◆ RECORDED INFORMATION ◆
=-=-=

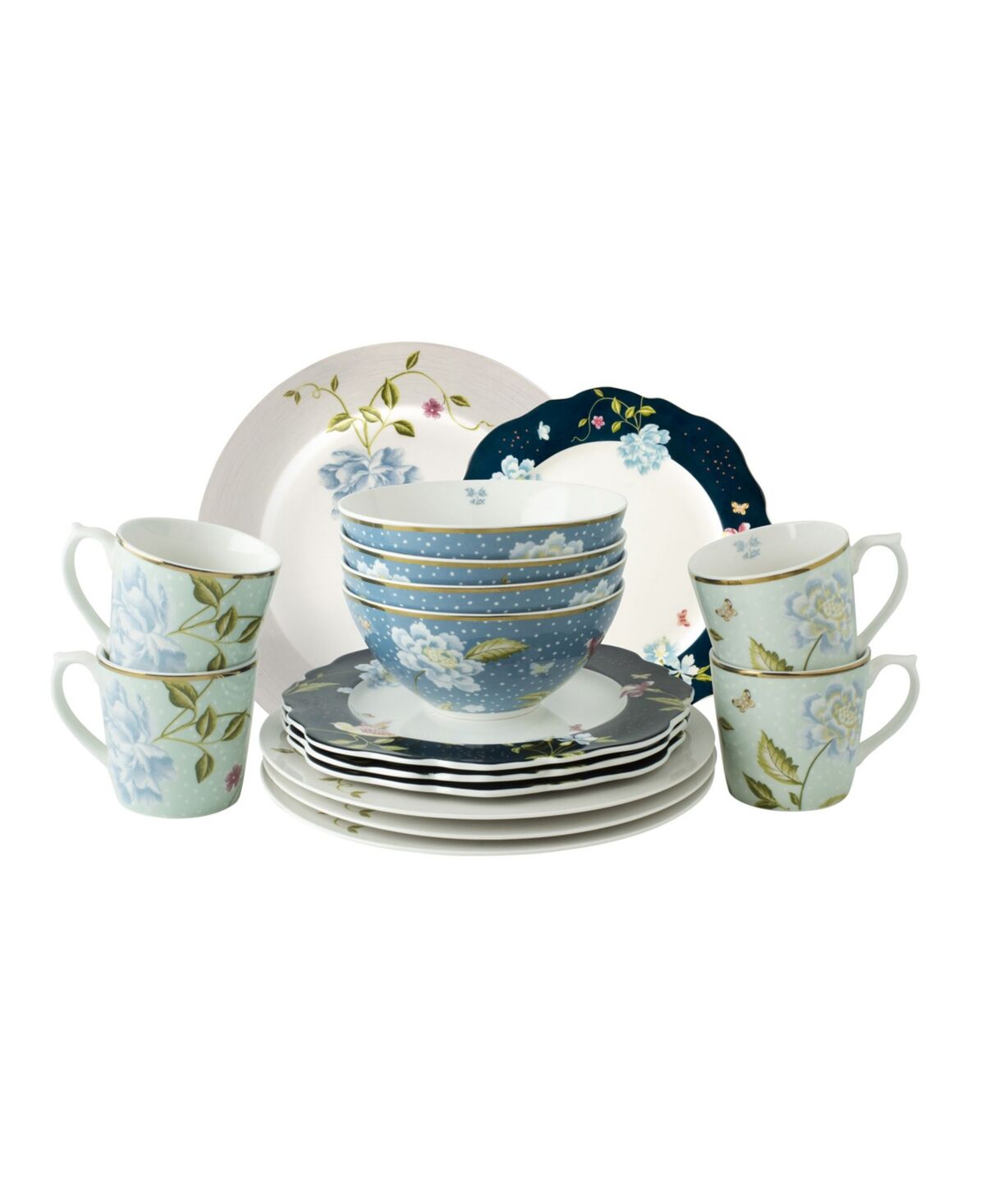 Laura Ashley Heritage Collectables Dinner Set in Gift Box, 16 Pieces - White with Different Colors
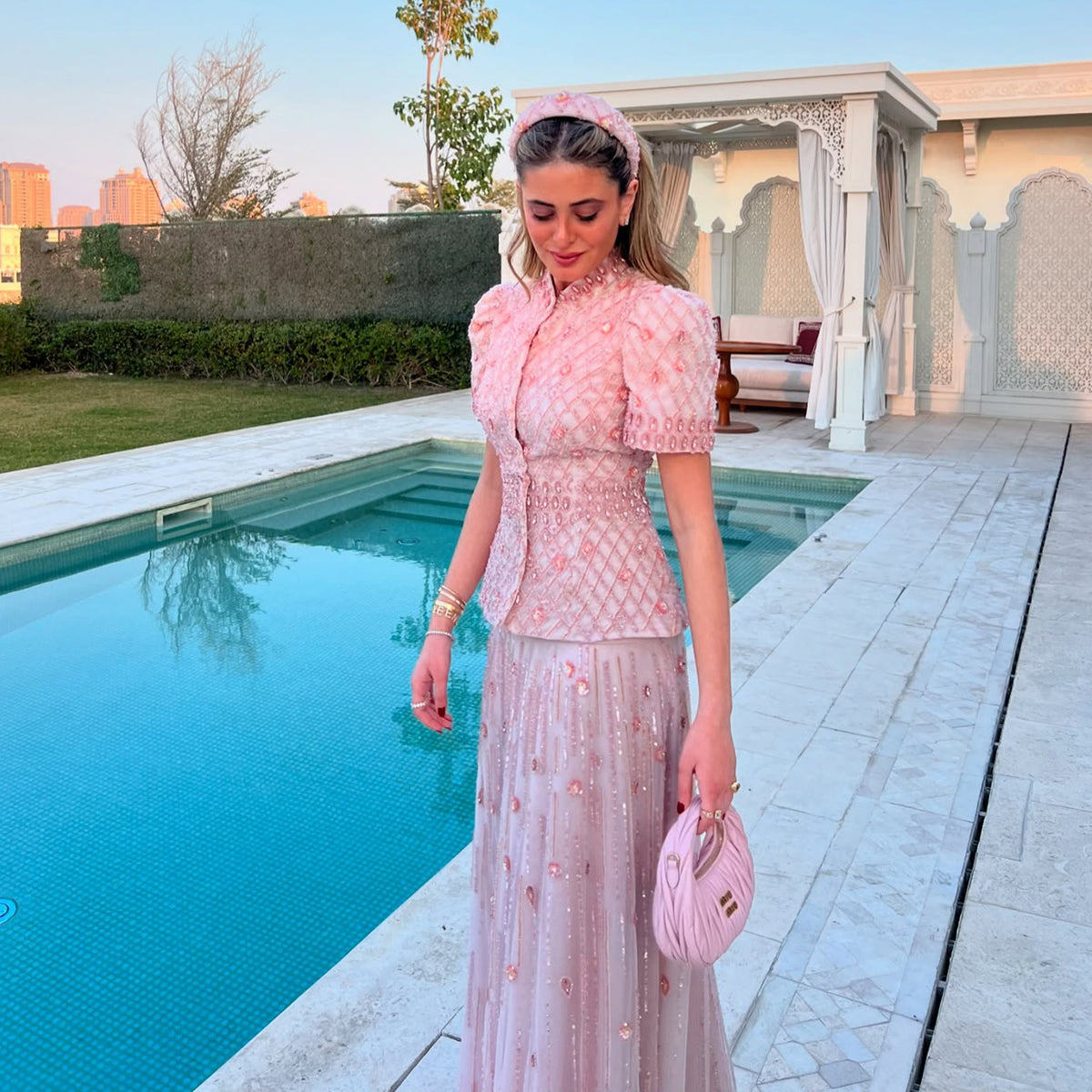 Elegant Pink Crystal Two-Piece Formal Evening Dress SS546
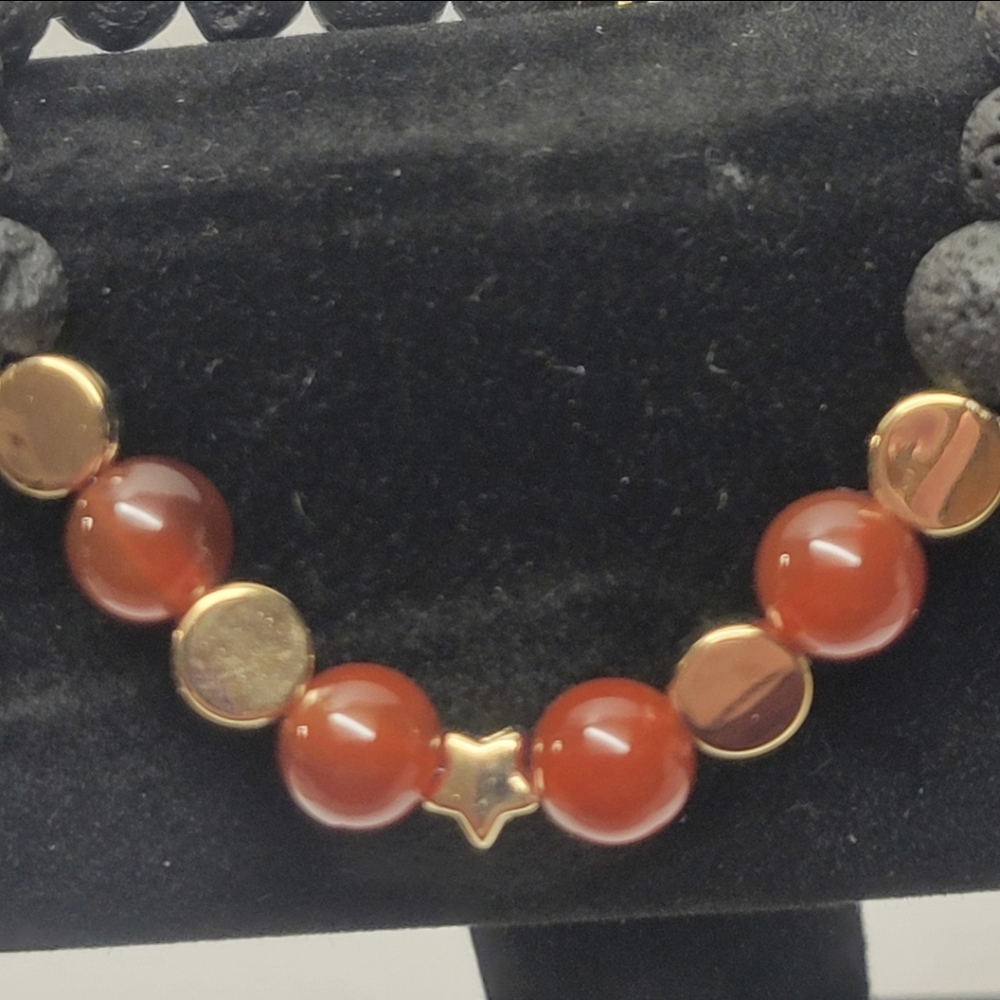 Handcrafted Gold, Black Lava and Red Carnelian Bead Stretch Bracelet - Picture 2 of 8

=-=-=

Your copy of the listing should match it exactly, apart from the pictures, which are left out.

 Laura Ashley Heritage Collectables Dinner Set in Gift Box, 16 Pieces - White with Different Colors
 Elegant Pink Crystal Two-Piece Formal Evening Dress SS546
 Handcrafted Gold, Black Lava and Red Carnelian Bead Stretch Bracelet - Picture 2 of 8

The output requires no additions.